Деревня была ничуть не менее обманчива в своем безграничном приветливом спокойствии: цвел цикламен, распустились куртины великолепных роз, за которыми столь трепетно ухаживал Коллис; и снова, совсем как прежде, как только заглохнет мотор и меня окутает тишина, от плотных групп сидящих под огромным деревом любителей кофе один за другим отделяются мои друзья, принося мне привычные известия из этого милого и гармоничного мира, существующего по заведенному от века порядку, который Никосия мало-помалу уже принялась ломать и развеивать по ветру; мои соседи вели разговоры о рожковом дереве, о лимонах, о шелковичных червях, о молодом вине. О кризисе никто, как правило, вообще не говорил ни слова, за исключением муктара над которым настолько тяготели его обязанности, что он считал себя вправе нарушать законы гостеприимства.
— Вы не боитесь сюда приезжать? — спросил он.
— А чего мне бояться?
— А оружие у вас есть?
— Нет.
Он вздохнул.
— Я дам вам ружье.
— И в кого я стану стрелять — в Андреаса и в мистера Мёда?
Он рассмеялся от души.
— Нет, конечно. Никто из нас вам никакого вреда не причинит. Но иногда сюда приезжают чужие люди, по ночам, на машинах. Вот, смотрите!
На стене под самым Деревом Безделья синей краской было написано: "Рабы, разбейте ваши цепи: свобода или смерть". Место для призывного пункта вербовщики революции выбрали явно не самое удачное, если судить по застывшим под деревом поклонникам dolce far niente, которые тихо сидели под деревом, погрузившись в профессиональное безделье.
— Они приехали сюда на машине, осветили стену фарами и написали этот лозунг. Я их слышал. А сын Михаэлиса видел их: говорит, все они были в масках.
Дома все было тихо, если не считать пыхтящей и сопящей Ксену: она устроила генеральную уборку после отъезда всех моих родственников. У колонки стоял старик Мораис и набирал воду во флягу; заметив меня, он тут же кинулся мне навстречу, а потом долго и горячо тряс мою руку.
— Видит бог, — сказал он, — я не хотел, чтобы все так обернулось.
— Я тоже.
Он долго стоял, мучительно пытаясь подобрать еще какие-то слова — но все уже и так было сказано; никто этого не хотел, но именно так все и обернулось. И сразу рассыпалось все, чему могло бы стать фундаментом крепкое, суровое рукопожатие старика.
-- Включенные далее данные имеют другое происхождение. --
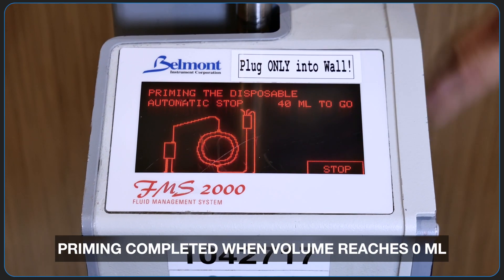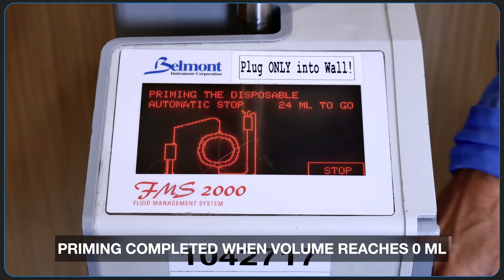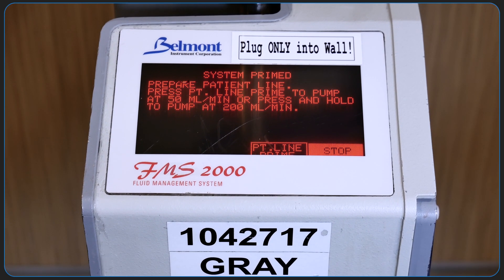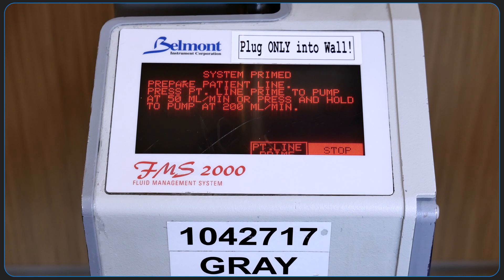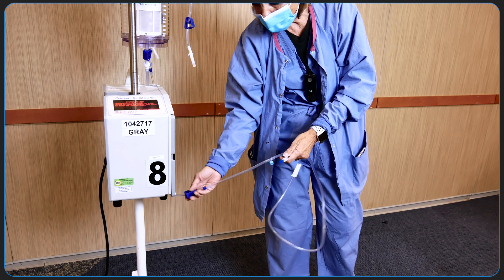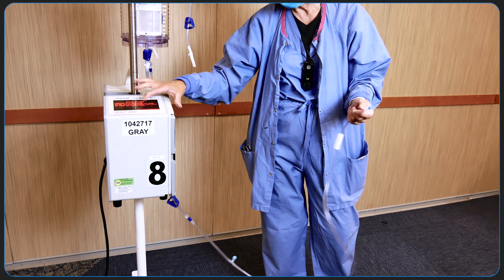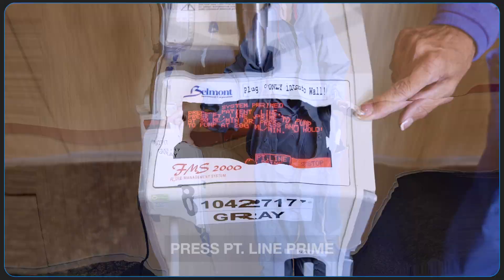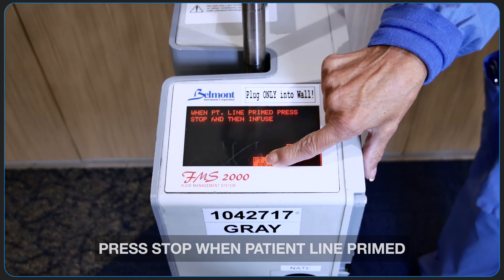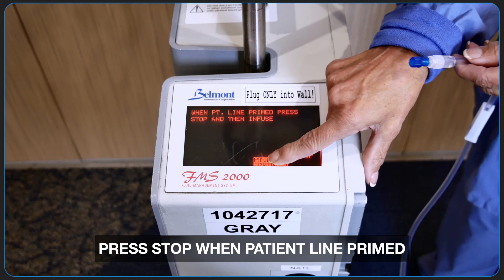You can see a prime volume countdown displayed, and priming is completed when the volume reaches zero. Next, the patient line also needs to be primed. This is a vital step to ensure that the patient line is completely free of air. To quickly prime the patient line, press and hold the patient line prime button. As soon as the patient line is primed and no air is visible, hit stop.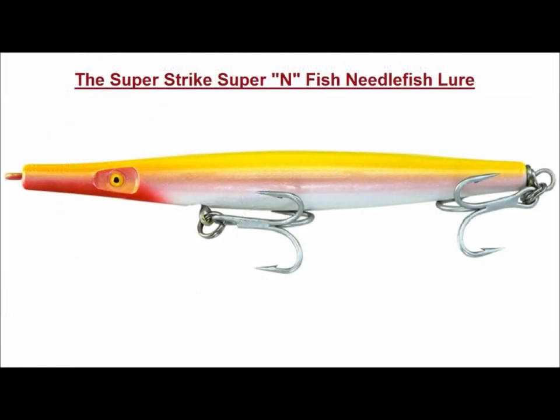So there you have it — the skinny on one of my favorite go-to plugs. If you've never used them before, give them a shot. You may come to love them. They are versatile and they flat out catch fish. That's my view from the beach. So until next time, be well and catch him up.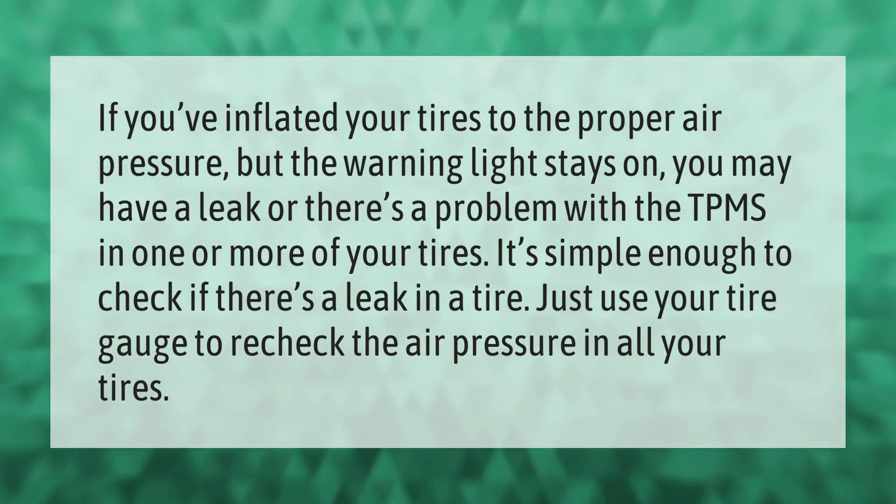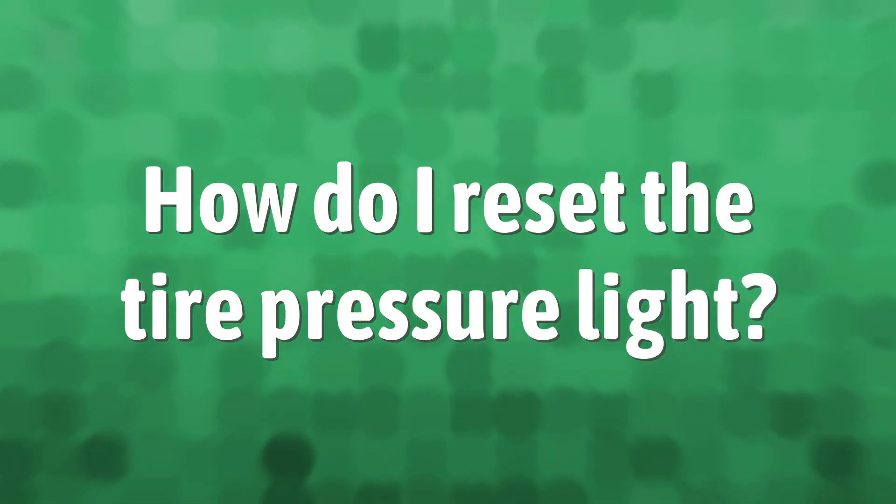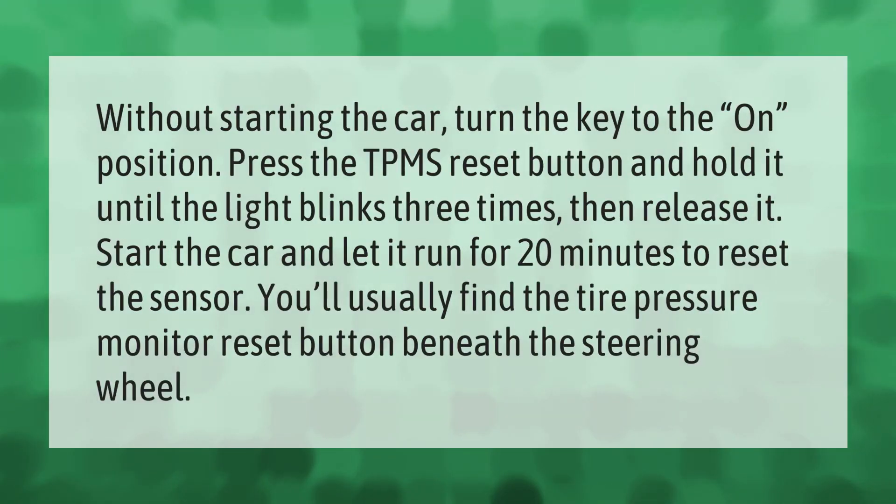Without starting the car, turn the key to the on position. Press the TPMS reset button and hold it until the light blinks three times, then release it. Start the car and let it run for 20 minutes to reset the sensor. You'll usually find the tire pressure monitor reset button beneath the steering wheel.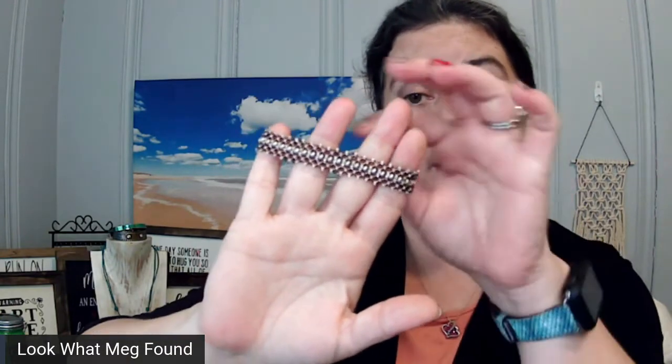On this bracelet, for example, it is not done around a form — this is completely hand beaded, and I absolutely love it. We'll start with this piece since I have it in my hand. This is a hand beaded seed bead and glass pearl woven bracelet. These are absolutely stunning.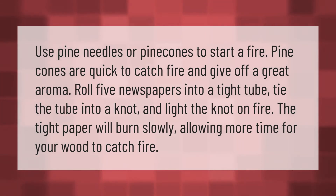Pine cones are quick to catch fire and give off a great aroma. Roll five newspapers into a tight tube, tie the tube into a knot, and light the knot on fire. The tight paper will burn slowly, allowing more time for your wood to catch fire.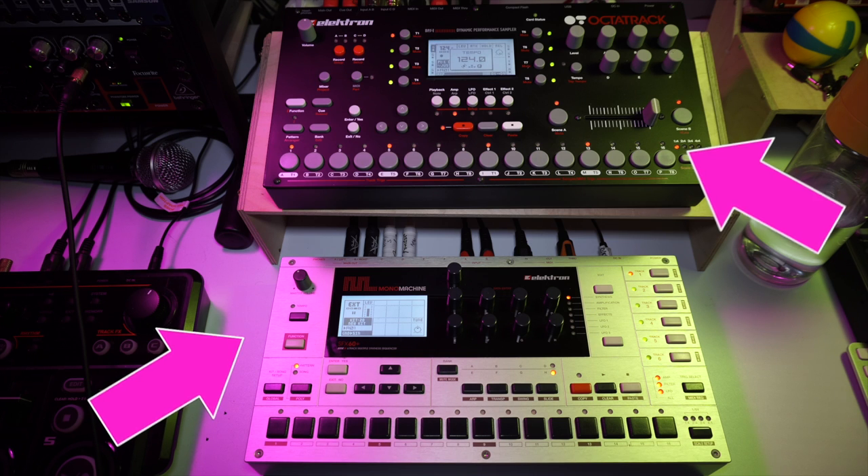Hello everyone and welcome back to Late Night Beats. In this week's episode I'd like to show you how I control my Mono Machine with the Octatrack to achieve this weird and insane breakbeat. Let's get right into it.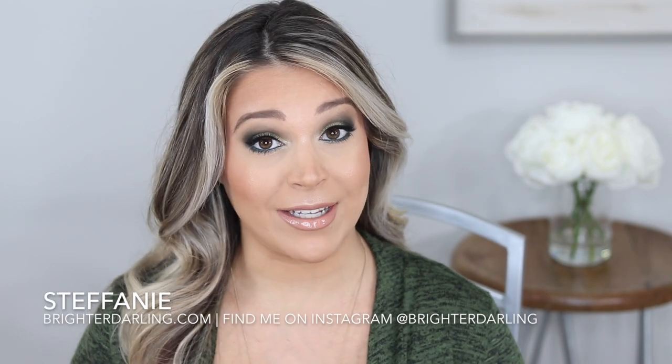Hey everybody, welcome back to my channel. My name is Stephanie and I'm the blogger behind BrighterDarling.com. Today we're doing one of my favorite videos, a foundation wear test.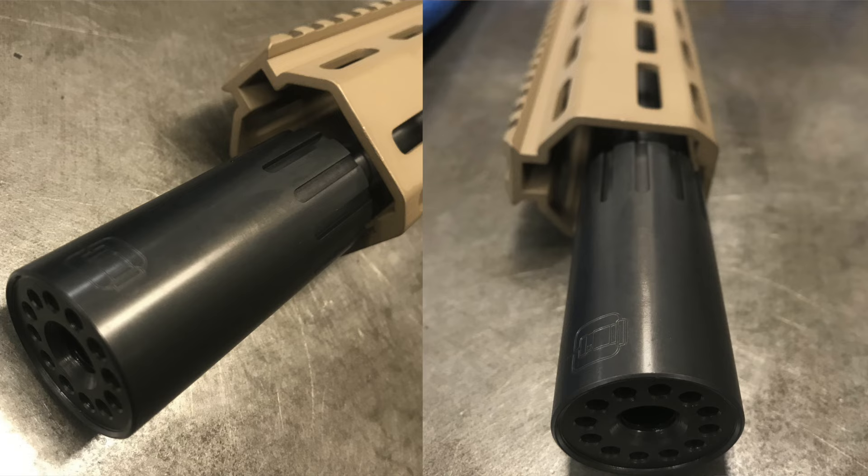So if you're on a range, it's not going to smash adjacent shooters. Some of you may have seen side-ported muzzle brakes smashing people at ranges — and some ranges don't actually allow them because they do become quite uncomfortable for other shooters.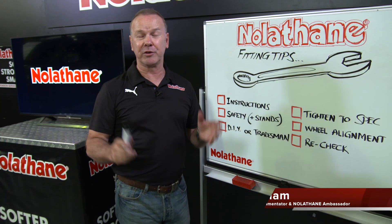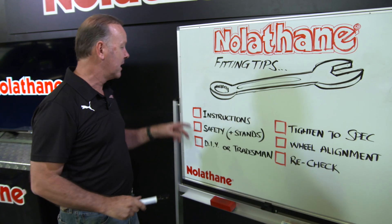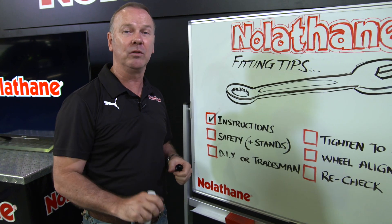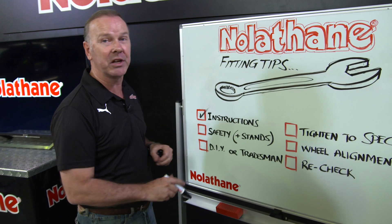Hey, before you embark on your little project to install your Nolethane product, here's a couple of free but simple and important tips. Number one: instructions. Check both the manufacturer's instructions for the vehicle and also the Nolethane instructions included with the kit. They'll be pretty clear.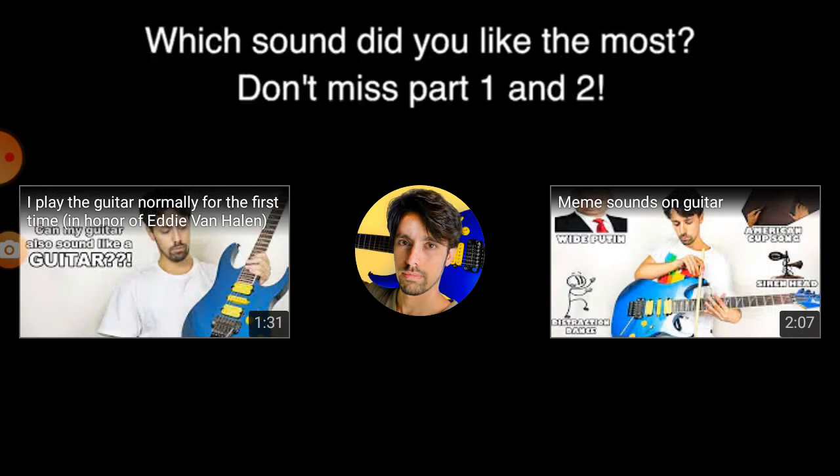Anyways guys, hope you guys enjoyed. Remember to subscribe, drop a like if you like these types of videos. Guys, peace out.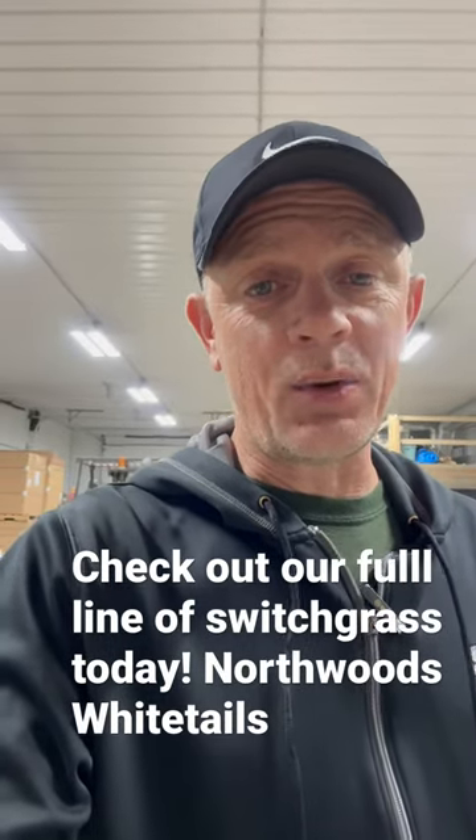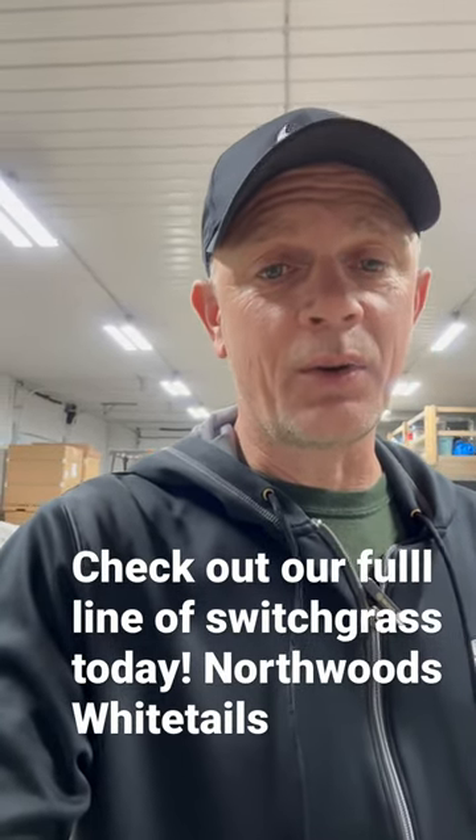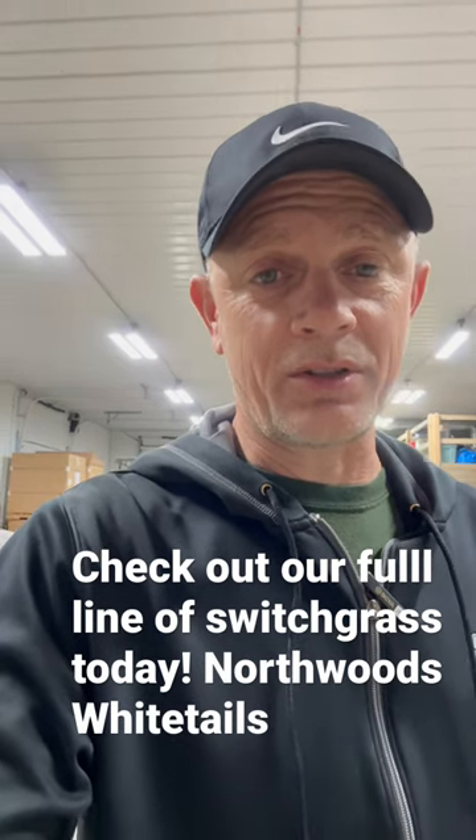You guys want the highest quality switchgrass at the best price? NorthwoodsWhitetails.com — check out our RC line of switchgrass. Have a great day.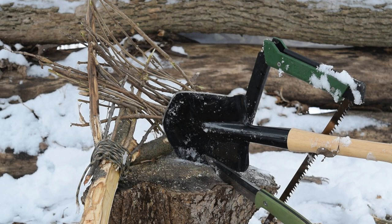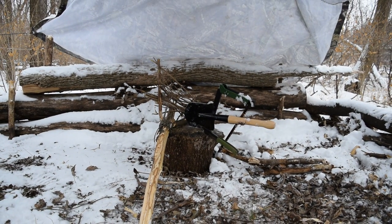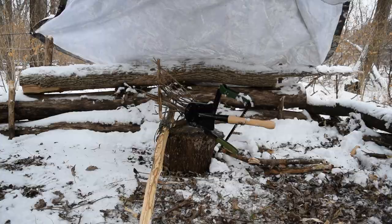We got our bushcraft shovel made up — now it's time to put it to use and see if it actually works. She's all done. If you guys can get this to 100 likes, that tells me you love these bushcraft little projects and I can start doing a lot more of them.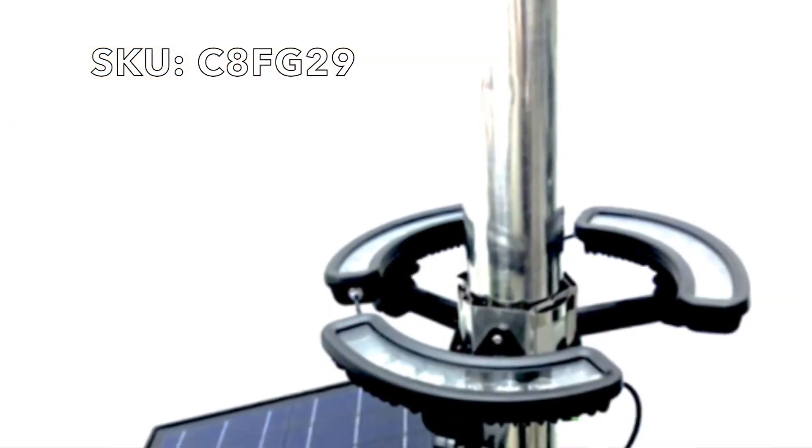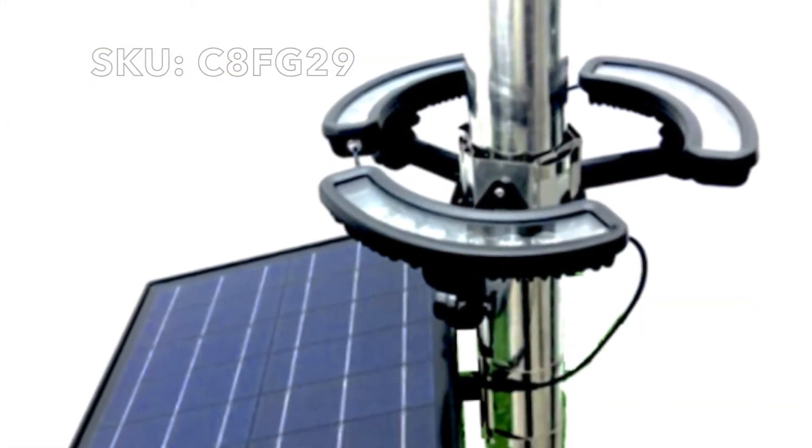Hi, this is Tamara with LED Lighting Solutions. I wanted to talk to you today about our 1980 Lumen flagpole light. This is one of our most popular models due to the 360-degree illumination design. It's going to come with hardware to fit poles from 2 to 6 inches in diameter, and it's really a great fixture for flagpoles that are 15 feet or taller.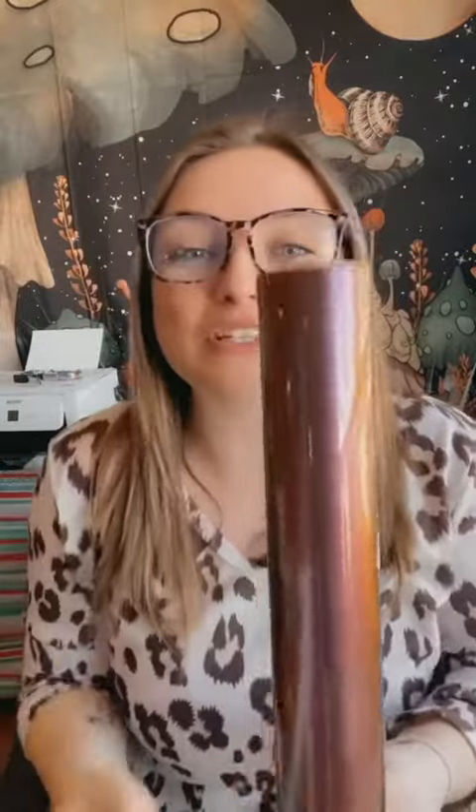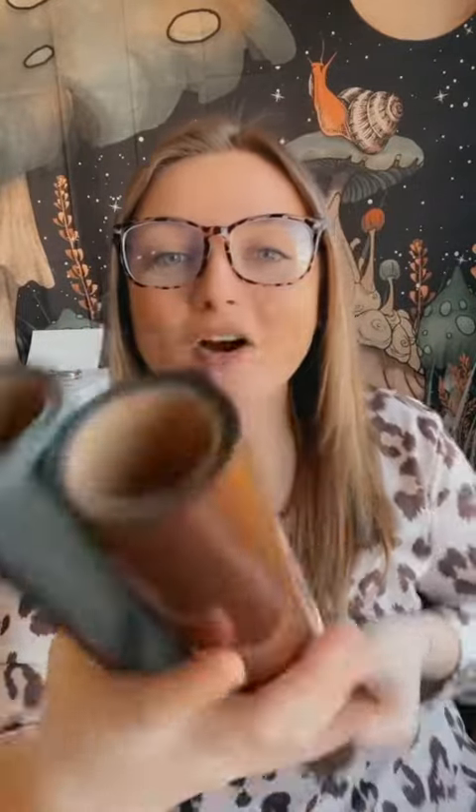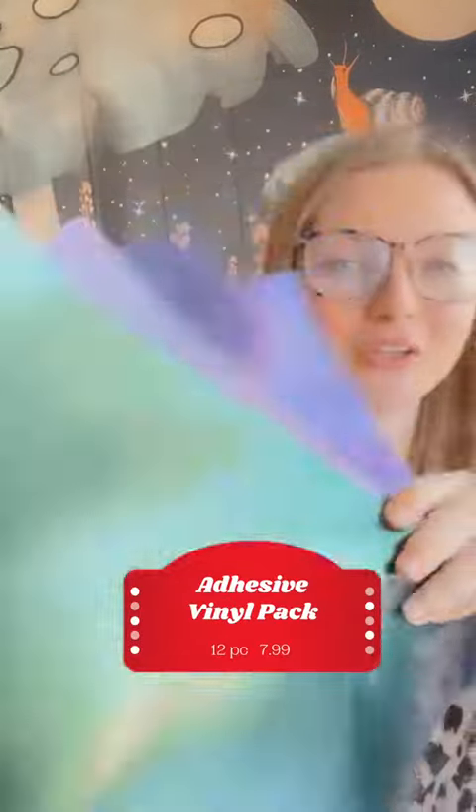I'm sorry I already opened them — I was just so excited. Look how beautiful they are and look how much you get on one roll. There's something about these chameleon colors that are speaking to my soul. I found them in an adhesive pack and it blew my mind because look how rich in color those are.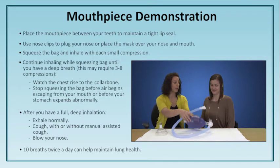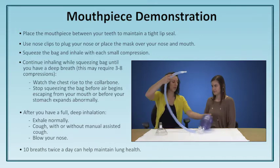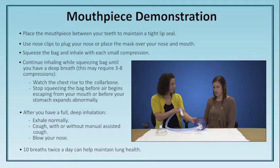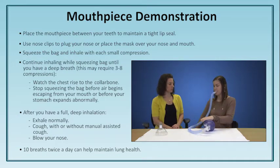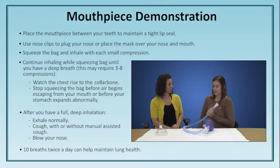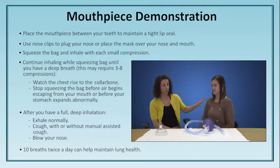I'd like you to try it on your own with the mouthpiece. The tubing is nice and long so you can place this wherever you'd like — where do you think would feel best for you? On the table. I'll let you try it. Good job. Notice that Emma was able to do four compressions with the bag on the table and still get full chest rise all the way up to her clavicles.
Он развернулся резко, почти сердито, и, что-то бормоча себе под нос, пошел вверх по склону к своему маленькому дому.
С каждой неделей я все реже и реже выбирался в деревню, хотя с большим удовольствием жил бы именно там, если бы мне только удалось заставить местные власти установить в кафе у Дмитрия телефон; впрочем, следует упомянуть еще об одном обстоятельстве. К обычным часам повседневной конторской рутины мне теперь пришлось добавить еще и сверхурочные часы непрерывных ночных бдений, когда приходилось отвечать по телефону на сыплющиеся со всех сторон вопросы прессы. Журналистов стало больше, работы прибавилось, но была у этого наплыва и своя положительная сторона, поскольку среди прочих начали приезжать старые друзья, и многих из них я не видел уже сто лет; за моим обеденным столом едва ли не каждый день оказывались один-два человека, о которых приятно вспомнить: Ральф Иззард, неизменно деликатный и весьма светский человек, Стивен Барбер, шумливый, но при этом серьезный, Ричард Уильямс, чей заразительный смех и острый язык заставляли время течь незаметно. И юный Ричард Ламли, который приехал на выходные, а остался на пол года, деля со мной кров и все, что к этому прилагалось; внезапные нашествия друзей и посетителей, телефонные звонки, ночные тревоги и благословенный дружеский смех (Шан Седжвик как-то вваливался к нам, хохоча во все горло и неся под мышкой живую индейку). Благодаря кризису мне удалось свидеться с теми, кого, при более спокойной ситуации, я не встретил бы еще долгие годы.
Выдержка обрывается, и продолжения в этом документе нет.